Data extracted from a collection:

===

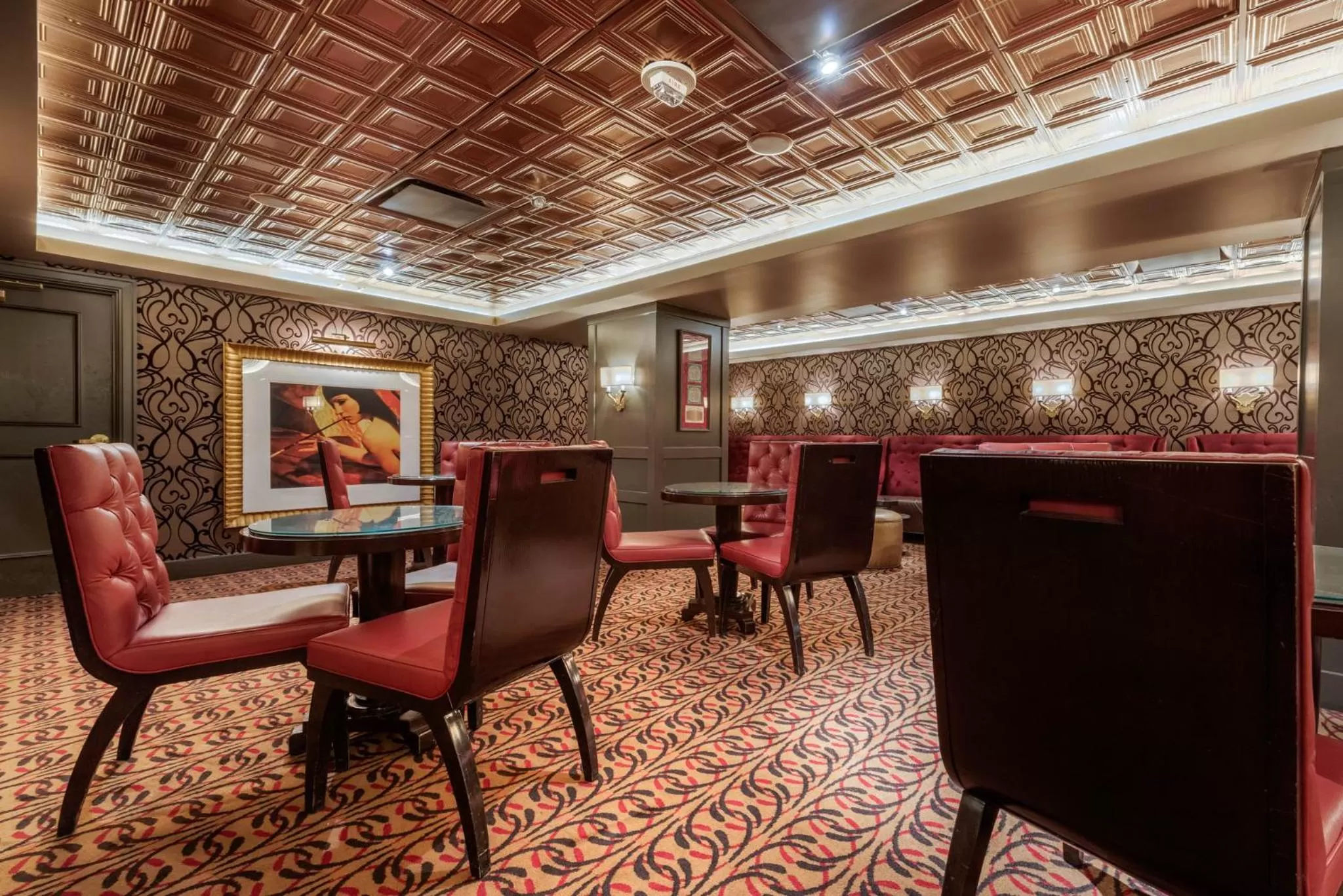 Lounge or bar in Omni William Penn Hotel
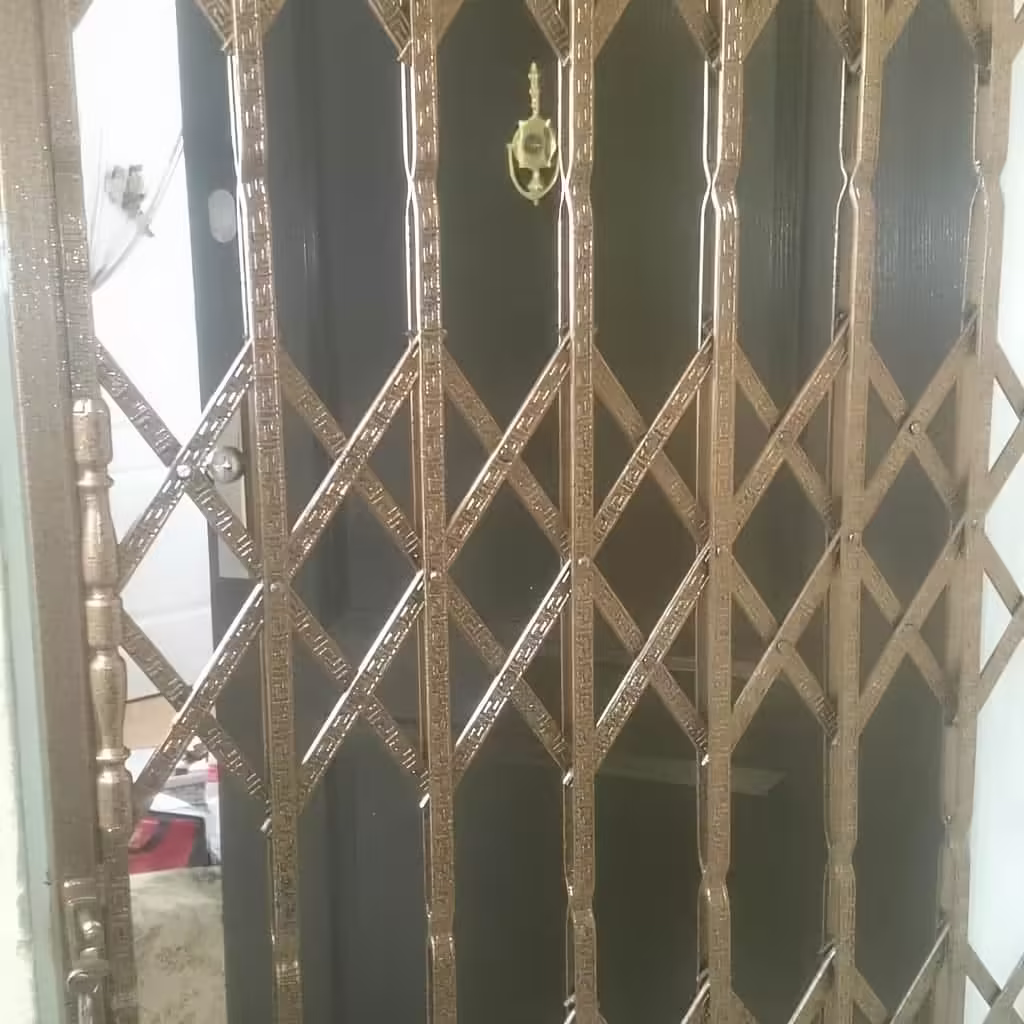 حفاظ پنجره آهنی در بندر عباس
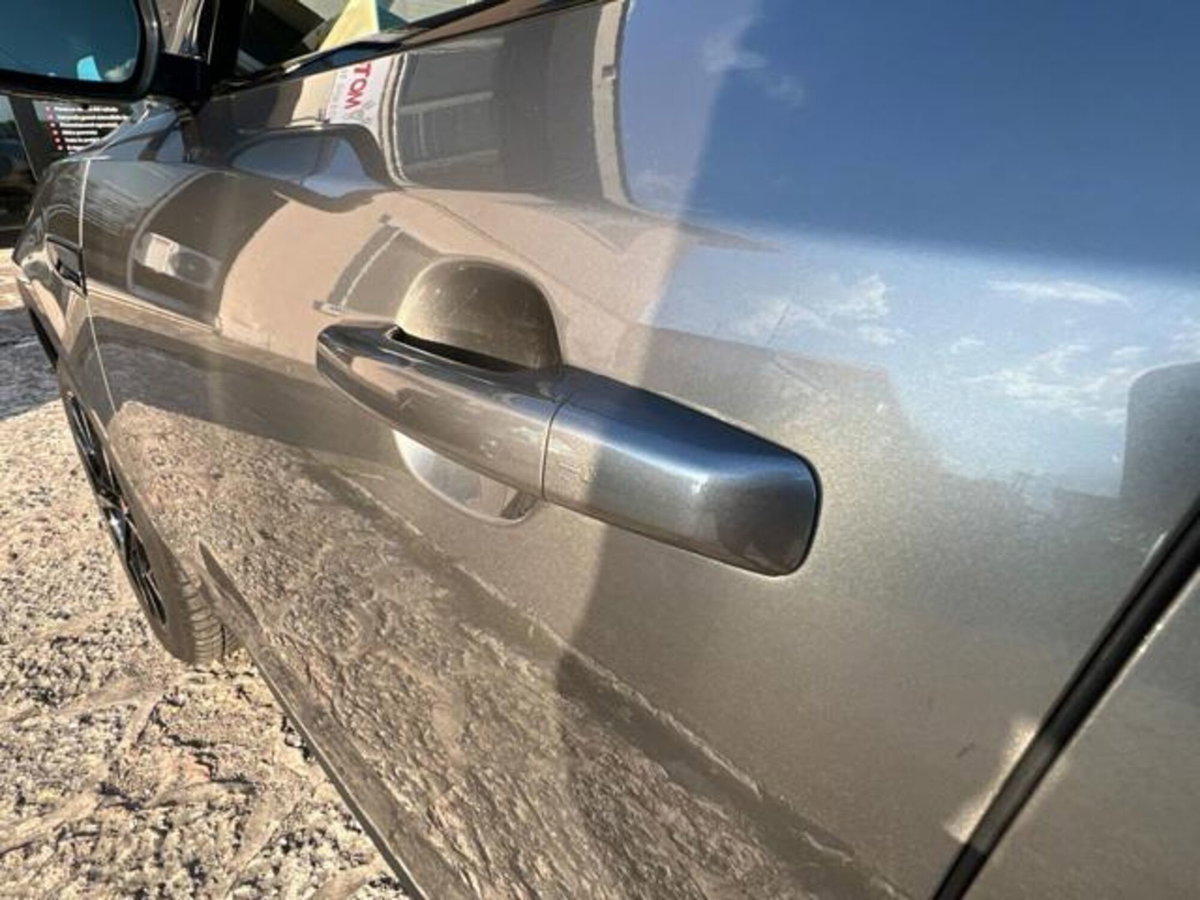 Jaguar E-Pace 2.0D 150 CV (10)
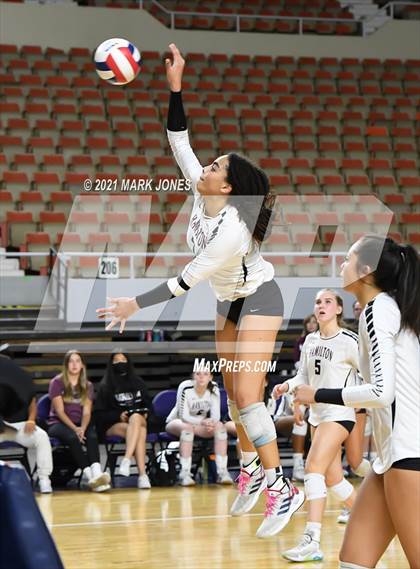Thumbnail 3 in Hamilton vs. O'Connor (AIA 6A Final)  photogallery.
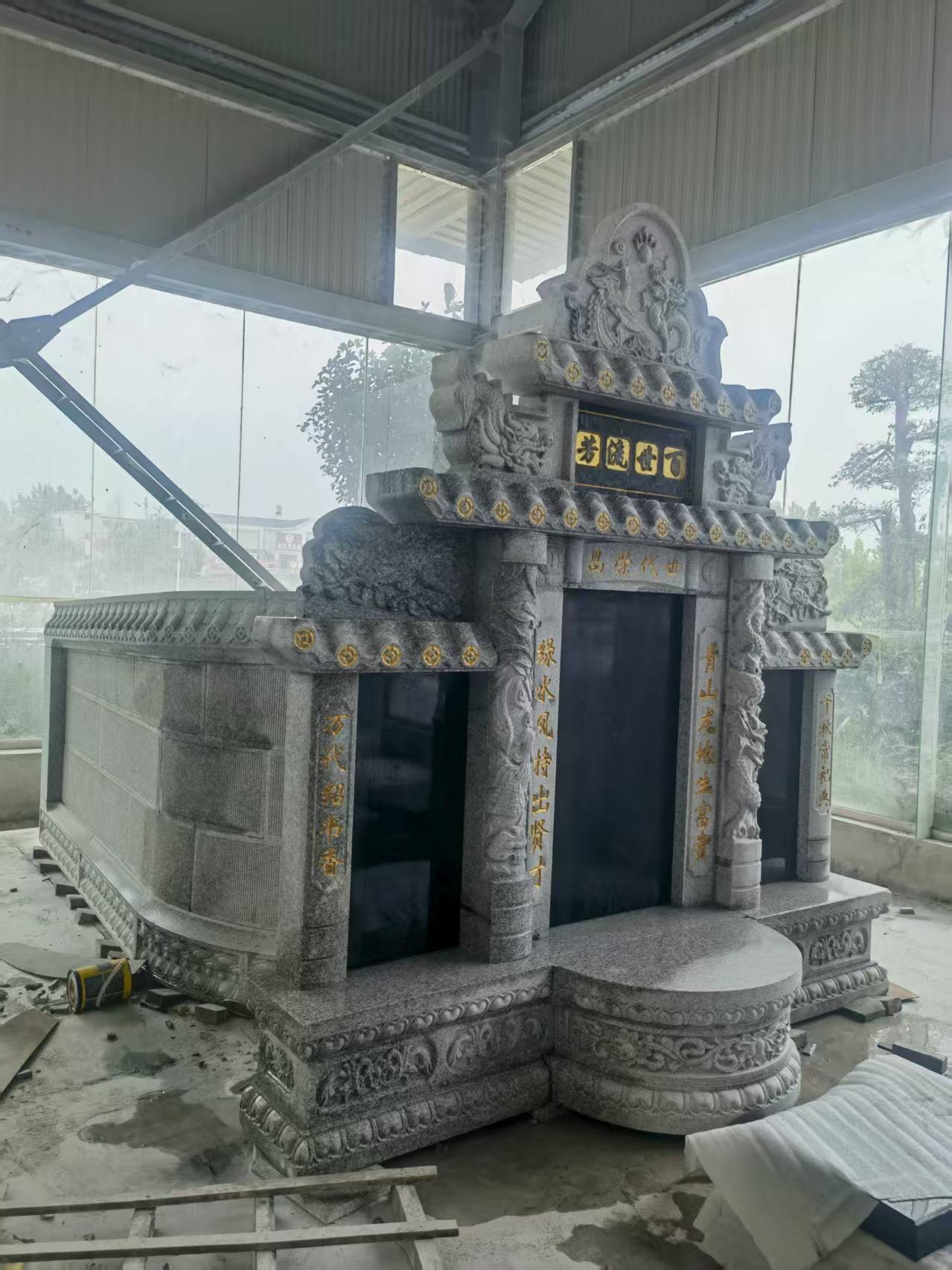 玉溪 芝麻白墓碑效果展示图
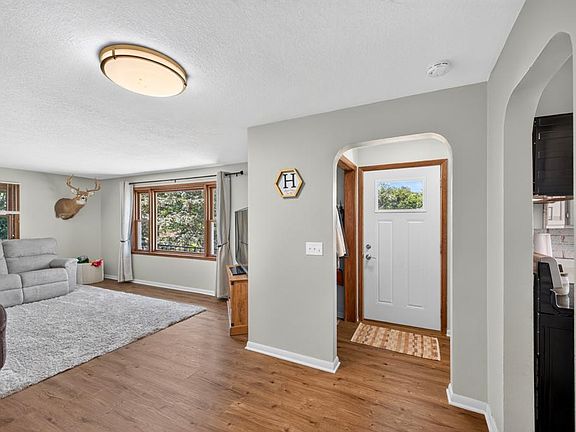 5th image of 202 7th St SW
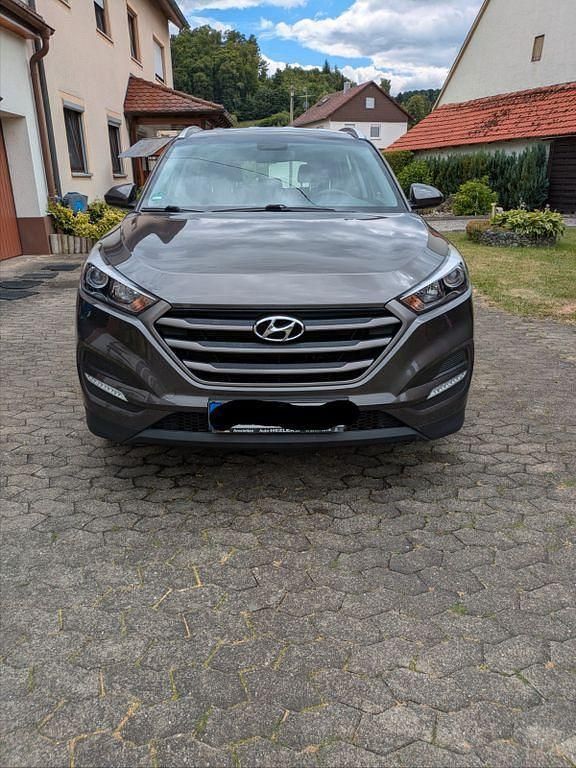 Grau Gebraucht 2018 Hyundai Tucson Trend SUV | 16.900 € (Etwas zu teuer) - Bild 1/4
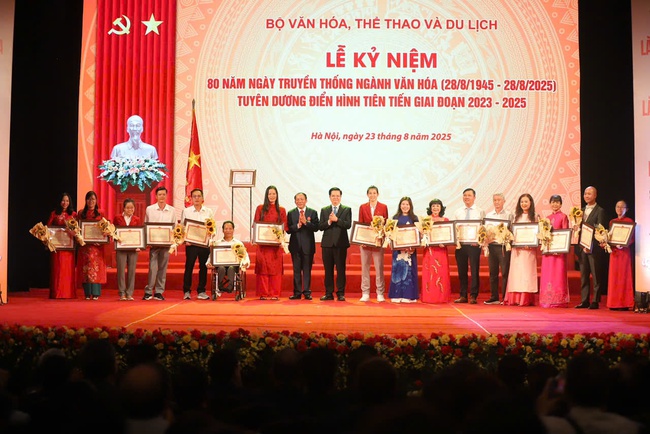 Tặng Bằng khen cho 80 cá nhân có thành tích xuất sắc tiêu biểu trong lĩnh vực Văn hóa, Thông tin, Thể thao và Du lịch - Ảnh 4.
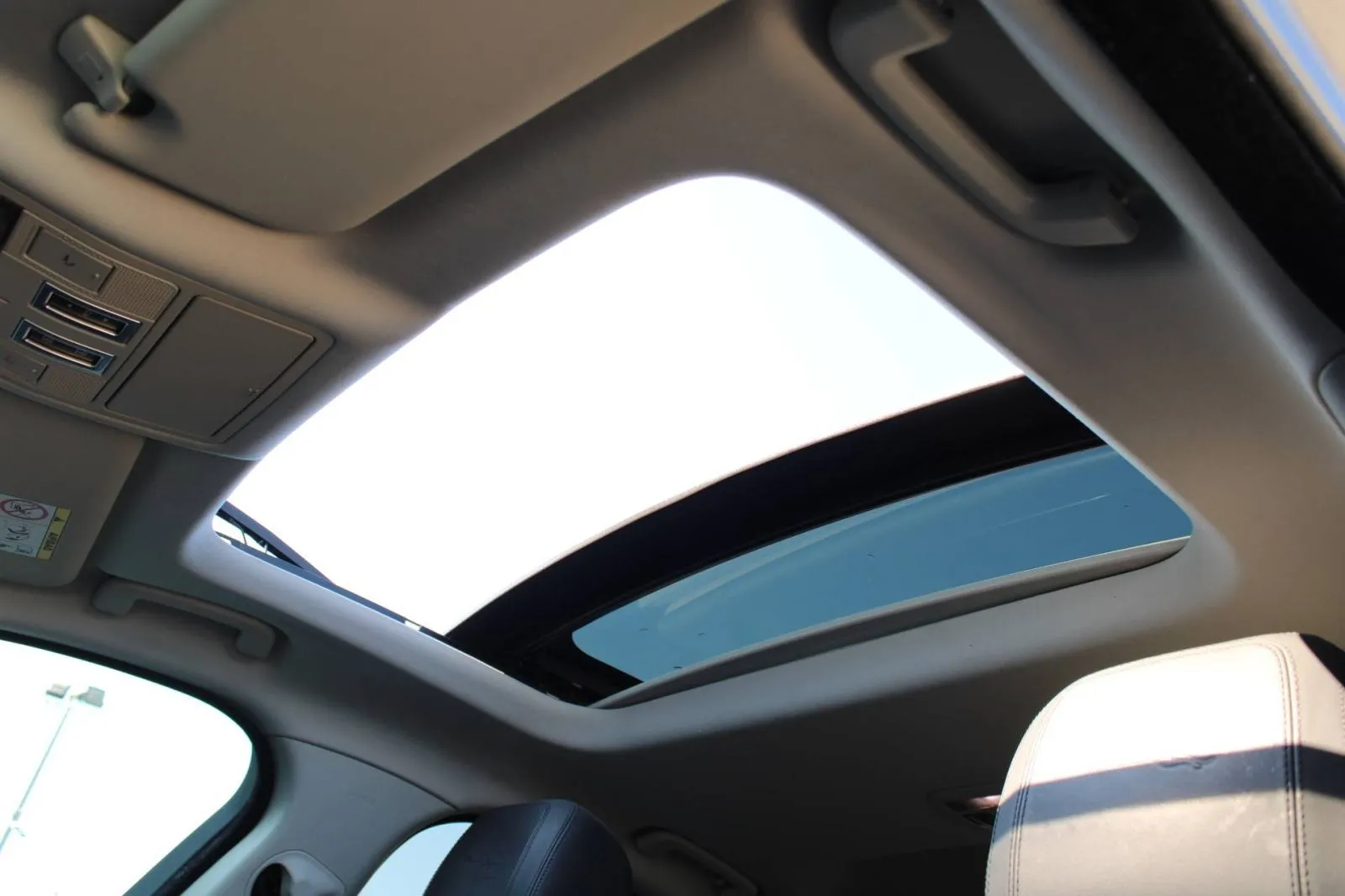 jaguar xe 2.0d awd automatik - slika 11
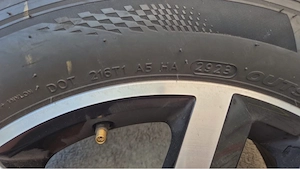 Set 4 Jante Aliaj Originale Volkswagen + Anvelope de vara 215/55R17 dot 2023 - imagine 3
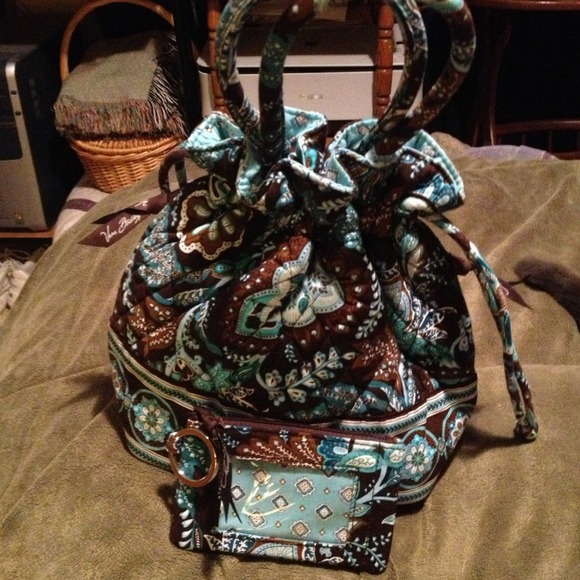 Exclusive Vera Bradley small purse!!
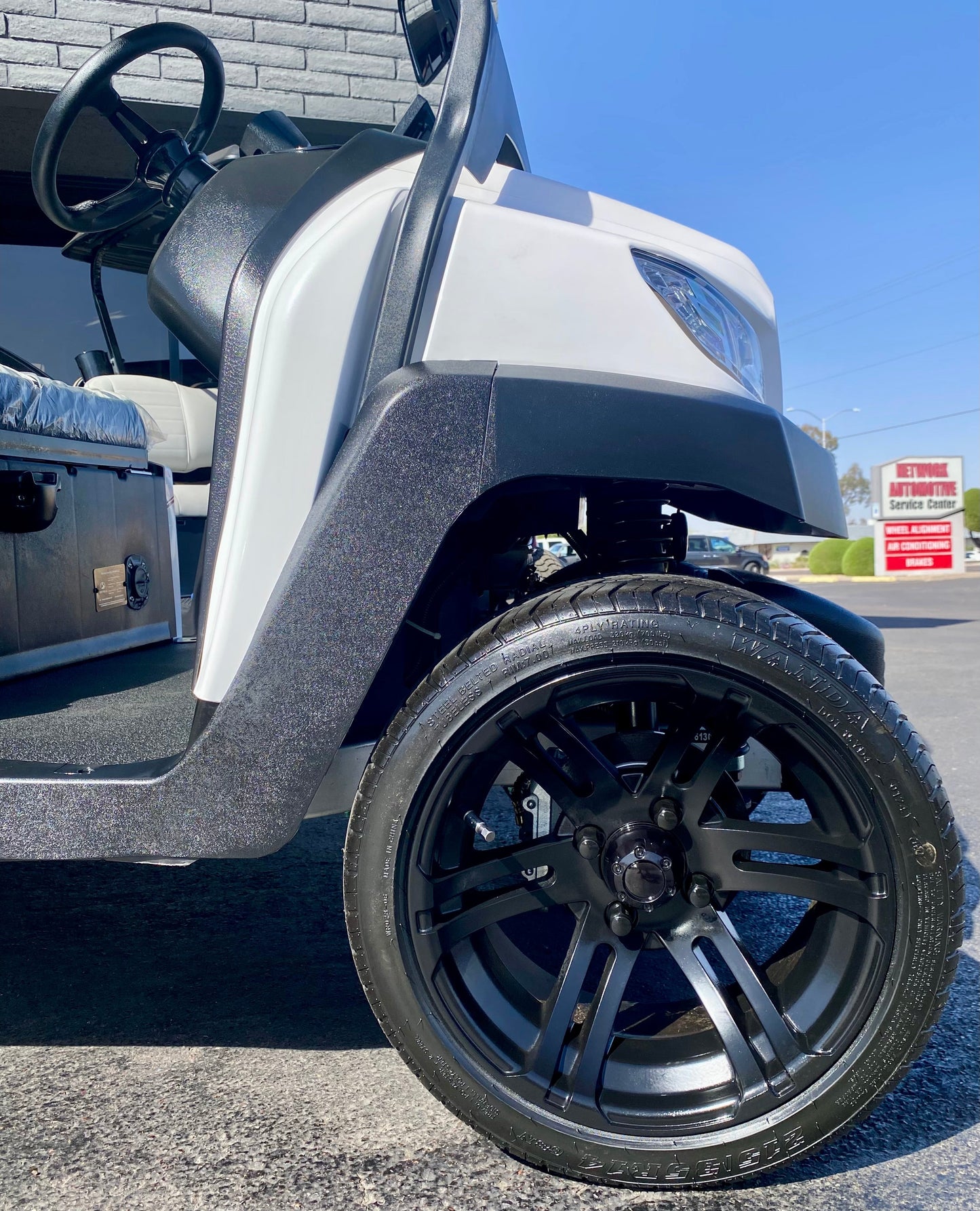 2025 Bintelli Beyond LITE 4 Passenger Golf Cart in White w/ New 105AH Lithium Battery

===

Pictures excluded, return exactly the lines from the one with "Thumbnail 3 in" through the final line of the entries above, both included.

Thumbnail 3 in Hamilton vs. O'Connor (AIA 6A Final)  photogallery.
 玉溪 芝麻白墓碑效果展示图
 5th image of 202 7th St SW
 Grau Gebraucht 2018 Hyundai Tucson Trend SUV | 16.900 € (Etwas zu teuer) - Bild 1/4
 Tặng Bằng khen cho 80 cá nhân có thành tích xuất sắc tiêu biểu trong lĩnh vực Văn hóa, Thông tin, Thể thao và Du lịch - Ảnh 4.
 jaguar xe 2.0d awd automatik - slika 11
 Set 4 Jante Aliaj Originale Volkswagen + Anvelope de vara 215/55R17 dot 2023 - imagine 3
 Exclusive Vera Bradley small purse!!
 2025 Bintelli Beyond LITE 4 Passenger Golf Cart in White w/ New 105AH Lithium Battery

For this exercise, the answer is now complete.